Texas Republican Sen. Ted Cruz questioned whether climate change is really occurring.

“I’m saying the data and facts don’t support it,” Cruz said at a retreat sponsored by billionaire brothers Charles and David Koch, heavily courted donors who strongly oppose Obama’s climate-change agenda.

The issue has also fueled the fund-raising race for Democrats. Billionaire environmentalist Tom Steyer dropped $74 million into the 2014 midterm elections for candidates who support policies to curb climate change. Despite such spending, Democrats gave up control of the Senate, lost seats in the House and suffered embarrassing defeats in gubernatorial races.

Steyer hosted a fundraiser earlier this year for Hillary Rodham Clinton, the front-runner for the Democratic nomination. Clinton called Obama’s power-plant measure a “significant step forward” and said she would defend it if elected president. Her Democratic challengers were similarly supportive.

Power plants account for roughly one-third of all U.S. emissions of the heat-trapping gases blamed for global warming, making them the largest single source. Obama has already used executive actions to curb greenhouse-gas emissions from other major sources, including cars and trucks.

Building on Obama’s aggressive actions, Democrats have cast climate change as one in a long list of issues – along with gay marriage, immigration and diplomatic relations with Cuba – where Republicans are out of step with the majority of Americans.

A Washington Post/ABC News poll conducted in March showed 59 percent of Americans said they’d like the next president to be someone who favors government action to address climate change, while 31 percent would prefer someone who opposes it.

Dan Pfeiffer, a longtime Obama adviser, said climate change is also a “litmus test” for many of the young voters who backed the president in the 2008 and 2012 elections. Some Democrats fear Clinton, if she wins the nomination, will struggle to replicate the high turnout among young people and minorities that helped propel Obama into the White House.

“They see candidates who deny the science as relics from the past not worthy of their support,” said Pfeiffer, who left the White House earlier this year. “Motivating the younger voters that were core to the Obama coalition will be one of the biggest tasks for the Democrats in 2016 and climate change is one the best issues to get them to the polls.”

According to the Washington Post/ABC News poll, 64 percent of adults between ages 18-39 said they’d prefer the next president to favor action to address climate change, compared with 49 percent of those over 65. However, an Associated Press-NORC Center for Public Affairs and Yale University poll late last year found that younger Americans didn’t hold significantly different views from older Americans on government regulation of carbon dioxide emissions.
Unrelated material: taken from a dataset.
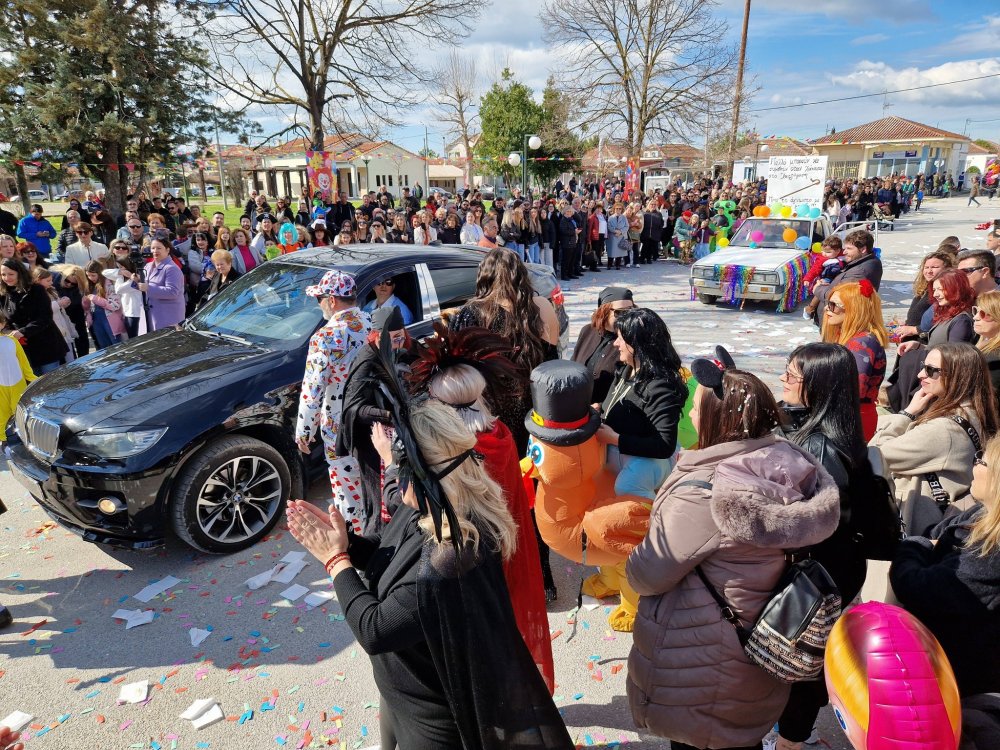 Με... Φραπέ και ΟΠΕΚΕΠΕ το Καρναβάλι Στεφανοβικείου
AP News Survey Specialist Emily Swanson in Washington and AP writer Julie Bykowitz in Dana Point, Calif., contributed to this report.

New rules proposed

WASHINGTON – President Barack Obama sought to clamp down Monday on power plant emissions with a federal plan that – if successful – would attempt to slow global warming by dramatically shifting the way Americans get and use electricity.

Touting the plan at a White House ceremony, Obama described his unprecedented carbon dioxide limits as the biggest step ever taken by the U.S. on climate change. On that point, at least, his opponents agreed. They denounced his proposal as egregious federal overreach that would send power prices surging and vowed lawsuits and legislation to try to stop it.

“We’re the first generation to feel the impact of climate change, and we’re the last generation that can do something about it,” Obama said. He added, “We only get one planet. There’s no Plan B.”

Obama was hoping that the plan would bolster his status as the first president to seriously tackle climate change and galvanize other countries to take aggressive action to achieve a global climate treaty this year.

Under the plan, first proposed last year, the U.S. must cut power plant emissions 32 percent by 2030, compared to 2005 levels. The Obama administration said it would cost $8.4 billion annually by 2030,but argued that power bills would decrease because people would use less electricity and rely more heavily on low-cost sources like wind and solar. The energy industry has dismissed those estimates as overly rosy.